2. Don't hit the snooze button and don't skip breakfast. "As the days get shorter and those dark cooler mornings invite us to sleep in and skip breakfast, that a.m. nutrition kick-off continues to play an important role in achieving and maintaining a healthy weight. Whatever you eat for breakfast make sure you include something protein-rich, like eggs, egg whites, yogurt, low-fat milk, or nut butter. Pair with fiber-rich whole grain options, such as whole wheat bread, oatmeal, or Shredded Wheat. The protein and fiber will ward off the mid-morning hunger pangs and prevent overeating at lunch."

3. Make water your best friend. "Make a refillable water bottle a permanent accessory. Whether running errands, shopping or catching up with your squad for a meal, keep water on hand for your primary beverage.
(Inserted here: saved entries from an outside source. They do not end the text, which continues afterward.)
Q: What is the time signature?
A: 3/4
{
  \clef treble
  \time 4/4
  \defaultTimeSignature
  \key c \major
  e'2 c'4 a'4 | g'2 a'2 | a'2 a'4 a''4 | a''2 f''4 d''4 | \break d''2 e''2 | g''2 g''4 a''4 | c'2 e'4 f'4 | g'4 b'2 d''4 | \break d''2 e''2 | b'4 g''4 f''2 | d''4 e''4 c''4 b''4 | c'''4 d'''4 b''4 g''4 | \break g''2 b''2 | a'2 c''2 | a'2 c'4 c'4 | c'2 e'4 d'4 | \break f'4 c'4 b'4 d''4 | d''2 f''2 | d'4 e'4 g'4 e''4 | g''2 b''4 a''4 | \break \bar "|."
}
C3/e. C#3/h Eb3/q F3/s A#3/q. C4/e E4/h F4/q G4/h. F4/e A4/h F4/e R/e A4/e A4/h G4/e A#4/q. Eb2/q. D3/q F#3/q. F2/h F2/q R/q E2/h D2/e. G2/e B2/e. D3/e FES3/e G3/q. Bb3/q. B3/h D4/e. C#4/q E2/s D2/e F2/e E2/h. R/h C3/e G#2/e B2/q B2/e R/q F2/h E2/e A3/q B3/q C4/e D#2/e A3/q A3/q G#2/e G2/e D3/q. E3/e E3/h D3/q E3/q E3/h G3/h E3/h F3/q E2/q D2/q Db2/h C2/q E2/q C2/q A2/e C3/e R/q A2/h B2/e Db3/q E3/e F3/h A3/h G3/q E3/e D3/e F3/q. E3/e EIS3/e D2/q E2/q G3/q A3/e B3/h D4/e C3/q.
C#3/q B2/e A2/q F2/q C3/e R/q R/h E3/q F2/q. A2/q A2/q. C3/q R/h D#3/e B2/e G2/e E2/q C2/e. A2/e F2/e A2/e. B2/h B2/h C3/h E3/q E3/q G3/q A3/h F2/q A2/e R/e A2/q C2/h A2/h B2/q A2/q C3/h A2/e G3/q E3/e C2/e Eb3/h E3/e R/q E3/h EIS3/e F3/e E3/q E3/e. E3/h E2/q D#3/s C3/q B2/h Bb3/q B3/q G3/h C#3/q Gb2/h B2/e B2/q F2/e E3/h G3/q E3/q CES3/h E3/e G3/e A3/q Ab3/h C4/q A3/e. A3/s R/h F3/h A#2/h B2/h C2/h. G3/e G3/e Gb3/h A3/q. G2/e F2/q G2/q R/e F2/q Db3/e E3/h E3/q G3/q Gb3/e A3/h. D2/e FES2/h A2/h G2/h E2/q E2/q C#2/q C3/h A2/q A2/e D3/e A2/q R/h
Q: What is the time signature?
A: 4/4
Keeping hydrated is important to keep energy up, reduce hunger, and helps you avoid filling up on those warm, sugary seasonal drinks that can add on a lot of unnecessary, empty calories."

4. Use cute new leggings as an excuse to stay active. "Your exercise routine shouldn't drop off with the temperatures. Eating well is just one part of the equation to maintaining a healthy weight year round. It is just as important to keep up or even increase activity levels as the days get shorter and weather gets cooler. Make it a priority to fit exercise into your regular schedule — whether it is a regular fitness class, recreational fall sports team (a great way to meet people) or just pairing up with a neighbor for regular walks and show off those cute new leggings!"

5. Don't underestimate the power of snacks. "Stock up on nutritious snacks like fruit, whole grain crackers, mixed nuts, reduced-fat cheese sticks. They can help you stave off impulse food purchases that you'll regret later. If you're out and about and don't have a snack on you, look for an option that packs in whole grains, lean protein and/or veggies or fruit. Perfect examples are yogurt parfaits with fresh fruit and granola or a turkey sandwich loaded with veggies on whole grain bread."